Bis­her wur­de Glau­bens­man­gel als Grund für die Ungül­tig­keit einer Ehe von der Kir­che immer aus­ge­schlos­sen, die sich dar­auf beschränkt, die natür­li­che Ehe zum Sakra­ment zu erheben.

Bene­dikt XVI. erklär­te: „Der unauf­lös­li­che Bund zwi­schen Mann und Frau erfor­dert für die Sakra­men­ta­li­tät nicht den per­sön­li­chen Glau­ben der Braut­leu­te; erfor­der­lich ist, als not­wen­di­ge Min­dest­vor­aus­set­zung, die Inten­ti­on, das zu tun, was die Kir­che tut.“

Die Inten­ti­on also, sich zu hei­ra­ten. Des­halb erkennt die Kir­che auch die Sakra­men­ta­li­tät der Misch­ehen mit einem athe­isti­schen Ehe­part­ner oder Ange­hö­ri­gen einer ande­ren Reli­gi­on an: Es genügt, die natür­li­che Ehe zu wollen.

Nun wird alles umge­stürzt und im Ber­go­glio-Stil wird dafür eine zwei­deu­ti­ge Form genützt, um die katho­li­sche Welt glau­ben zu las­sen, daß sich die Leh­re nicht ändert.

So behaup­te­te der Kir­chen­recht­ler Pao­lo Mone­ta am 9. Sep­tem­ber im „Avve­ni­re“, daß „Glau­bens­man­gel bis­her kein Nich­tig­keits­grund war und es auch heu­te nicht ist“.

Gleich­zei­tig aber rühm­te Msgr. Pin­to bei der Prä­sen­ta­ti­on des Motu pro­prio die „Neue­rung durch das Pon­ti­fi­kat von Fran­zis­kus“ und sprach vom „ohne Glau­ben voll­zo­ge­nen Sakra­ment“, das zu einer „uner­meß­li­chen“ Zahl ungül­ti­ger Ehen füh­re, „wegen offen­sicht­li­chen Glau­bens­man­gels als Brücke zum Gewis­sen und daher zum frei­en Wil­len einen sakra­men­ta­le Zustim­mung zu geben“.

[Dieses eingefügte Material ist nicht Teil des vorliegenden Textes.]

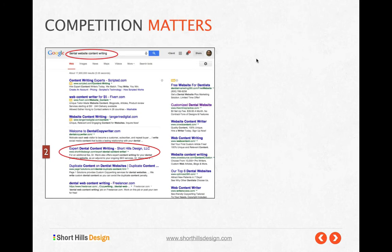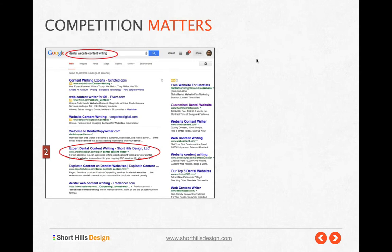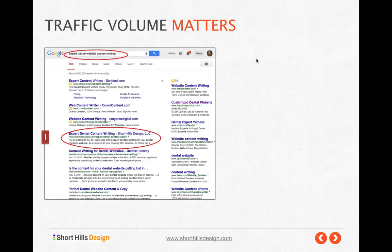If you do a search for 'expert dental content writing,' I come up first — an exact match ranks first. The reason I rank number two for the broader term is because there's not a lot of competition for 'dental website content writing.' You'd expect to see many pages with that exact phrase, but you're not seeing it. So one reason I can rank a page titled 'expert dental content writing' for that search term is because there's not a ton of competition. If there were, I'd have a much more difficult time ranking with a page that doesn't exactly match the search term.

Damit wird tat­säch­lich der Weg für Mil­lio­nen von Annul­lie­run­gen auf­ge­tan. Millionen!

Ehenichtigkeit, weil Paar wegen unvorhergesehener Schwangerschaft heiratete?

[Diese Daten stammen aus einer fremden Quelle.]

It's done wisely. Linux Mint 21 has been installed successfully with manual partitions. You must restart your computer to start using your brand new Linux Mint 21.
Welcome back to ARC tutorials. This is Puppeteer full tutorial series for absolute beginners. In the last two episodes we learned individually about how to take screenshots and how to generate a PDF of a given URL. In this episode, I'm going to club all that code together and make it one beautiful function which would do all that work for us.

Doch seit wann muß man, um gül­tig zu hei­ra­ten, hei­lig sein oder einen Stu­di­en­ab­schluß in Theo­lo­gie an der Gre­go­ria­na erwerben?

Für die Aner­ken­nung einer sakra­men­ta­len Ehe hat die Kir­che immer nur eine freie Ent­schei­dung ver­langt, im Sin­ne einer natür­li­chen Ehe hei­ra­ten zu wol­len. Eben­so hat sie immer gelehrt, daß die geist­li­che Dis­po­si­ti­on der Braut­leu­te (ihre Hei­lig­keit) für die Früch­te des Sakra­ments ent­schei­dend ist, nicht aber für des­sen Gültigkeit.

Nun ist alles anders. Zu den Umstän­den, die die Mög­lich­keit zu einer super­schnel­len Schei­dung auf­tun, gehört auch „die Kür­ze des ehe­li­chen Zusam­men­le­bens“ oder, daß zwei Ver­lob­te „wegen der unvor­her­ge­se­he­nen Schwan­ger­schaft der Frau“ gehei­ra­tet haben. Was hat das aber mit der Gül­tig­keit der Zustim­mung zu tun?

Die unglaubliche Auflistung endet mit einem „etcetera“

Die unglaub­li­che Auf­li­stung endet sogar mit einem „etce­te­ra“. Soll das hei­ßen, daß man sie will­kür­lich erwei­tern kann? Was für eine Recht­spre­chung ist das?

Die schwäch­sten Tei­le (die Frau­en und Kin­der) wer­den die Rech­nung die­ser Revo­lu­ti­on zu bezah­len haben, die die Fami­li­en, die ohne­hin schon unter schwe­rem Beschuß durch die welt­li­che Kul­tur ste­hen, destabilisiert.

Schwe­ster Lucia, die Sehe­rin von Fati­ma, sag­te eines Tages zu Kar­di­nal Caf­farra: „Der End­kampf zwi­schen dem Herrn und dem Reich Satans wird über die Fami­lie und die Ehe stattfinden.“

Es ist soweit.

Wenn das die Zeit des „weiß­ge­klei­de­ten Bischofs“ ist, wird es schmerz­haft für alle (erin­nern Sie sich an die Stadt in Trümmern?).